● **SOURCE MATERIAL**
####################

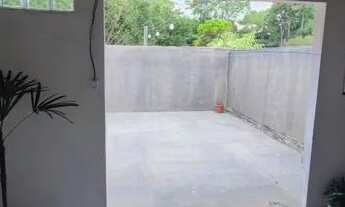 Imagem 6: Casa para locação em oficinas, vila cipa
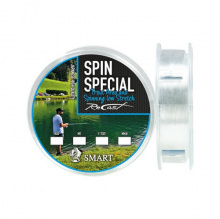 Maver Special Spin 150M 0,148Mm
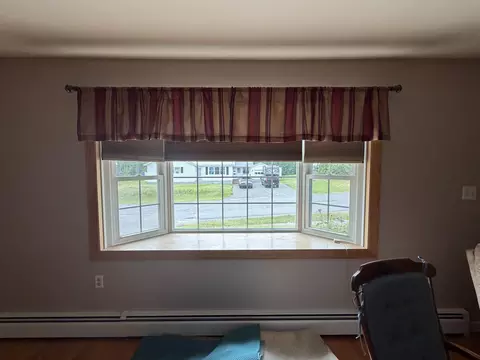 30 Ohio St, Millinocket, ME 04462 photo 15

####################

● **PROBLEM DETAILS**
Everything in the data except the pictures must be transcribed exactly.

● **SOLUTION TO THE PROBLEM**
 Imagem 6: Casa para locação em oficinas, vila cipa
 Maver Special Spin 150M 0,148Mm
 30 Ohio St, Millinocket, ME 04462 photo 15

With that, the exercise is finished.